Required work: Would you transcribe the records below from the line with "Gothic Elegance Phone" to the line with "Colorblock Ruffled Patchwork", ends included, exactly and with nothing more, leaving the pictures out?

[[ Input data, beginning ]]

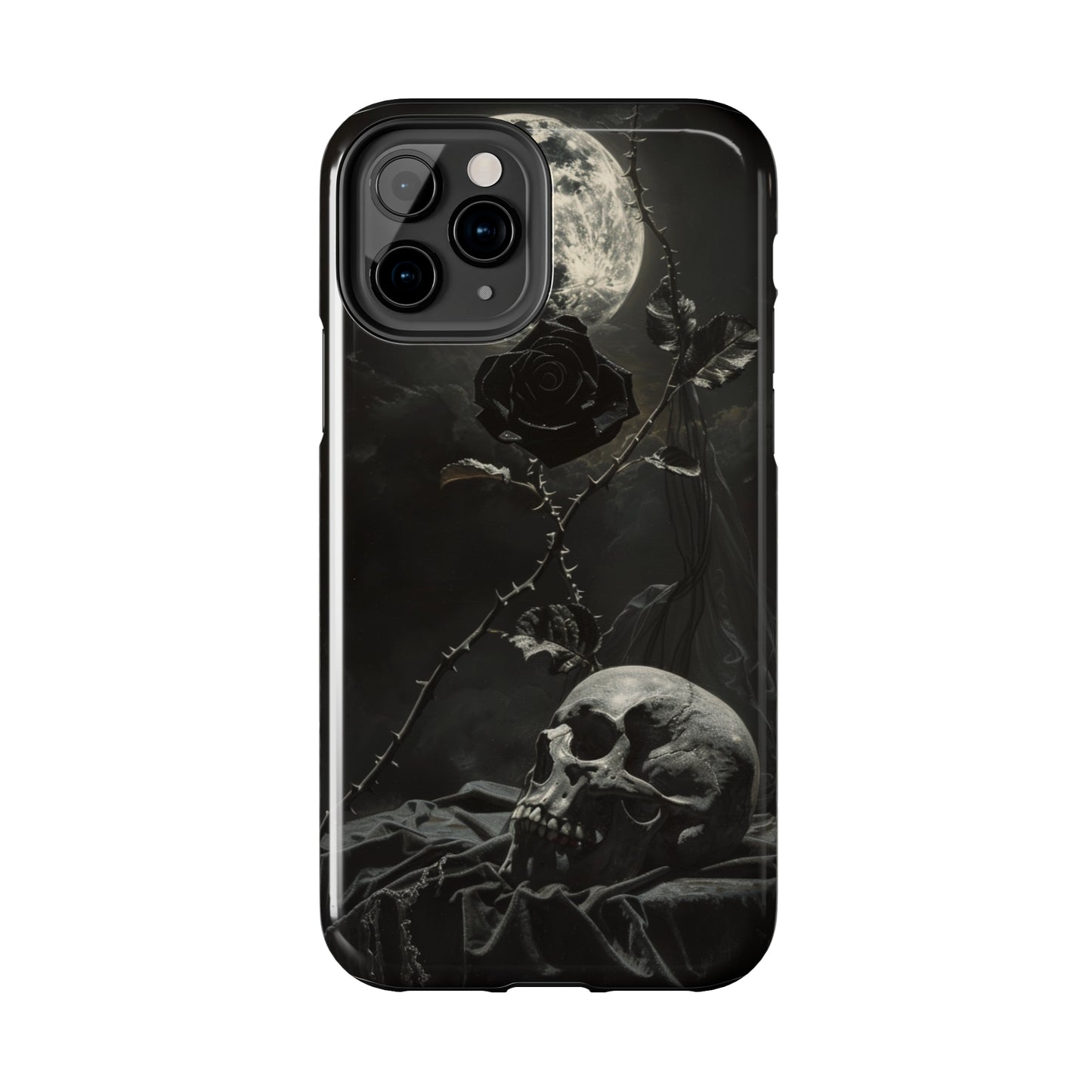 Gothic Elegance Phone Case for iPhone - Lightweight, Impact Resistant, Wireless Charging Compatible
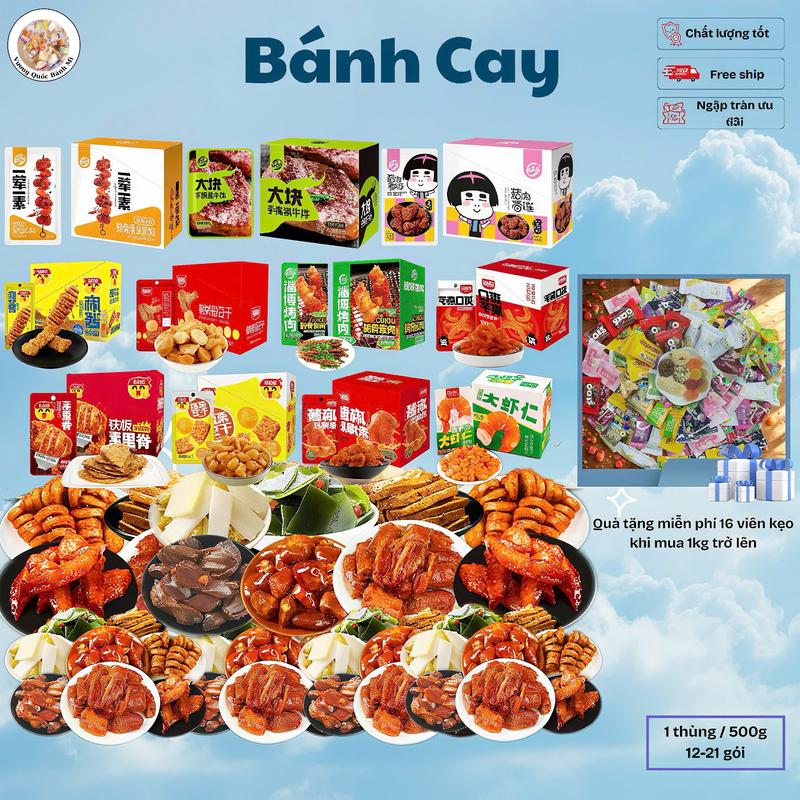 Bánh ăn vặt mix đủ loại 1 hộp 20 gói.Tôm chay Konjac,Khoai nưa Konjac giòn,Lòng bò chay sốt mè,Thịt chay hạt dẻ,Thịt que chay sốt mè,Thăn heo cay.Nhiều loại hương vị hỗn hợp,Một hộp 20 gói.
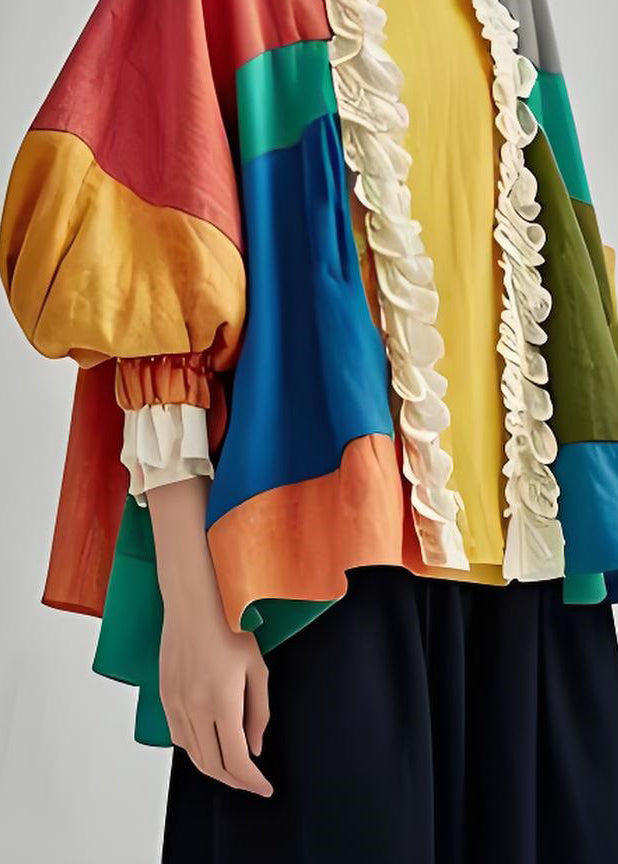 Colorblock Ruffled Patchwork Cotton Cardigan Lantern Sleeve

[[ Input data, end ]]
[[ Input data, beginning ]]

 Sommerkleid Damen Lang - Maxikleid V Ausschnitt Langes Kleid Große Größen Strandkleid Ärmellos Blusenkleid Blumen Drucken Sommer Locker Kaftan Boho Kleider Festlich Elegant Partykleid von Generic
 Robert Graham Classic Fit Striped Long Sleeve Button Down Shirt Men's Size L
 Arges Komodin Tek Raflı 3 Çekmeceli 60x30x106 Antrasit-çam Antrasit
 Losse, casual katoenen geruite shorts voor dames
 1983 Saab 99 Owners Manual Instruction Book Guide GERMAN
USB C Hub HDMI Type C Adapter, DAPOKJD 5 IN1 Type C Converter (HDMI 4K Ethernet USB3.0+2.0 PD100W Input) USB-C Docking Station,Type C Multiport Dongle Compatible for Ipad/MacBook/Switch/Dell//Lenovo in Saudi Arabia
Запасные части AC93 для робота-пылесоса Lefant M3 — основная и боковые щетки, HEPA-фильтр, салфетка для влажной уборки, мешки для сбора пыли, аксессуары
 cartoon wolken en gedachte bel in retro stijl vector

[[ Input data, end ]]

Written response:
 Gothic Elegance Phone Case for iPhone - Lightweight, Impact Resistant, Wireless Charging Compatible
 Bánh ăn vặt mix đủ loại 1 hộp 20 gói.Tôm chay Konjac,Khoai nưa Konjac giòn,Lòng bò chay sốt mè,Thịt chay hạt dẻ,Thịt que chay sốt mè,Thăn heo cay.Nhiều loại hương vị hỗn hợp,Một hộp 20 gói.
 Colorblock Ruffled Patchwork Cotton Cardigan Lantern Sleeve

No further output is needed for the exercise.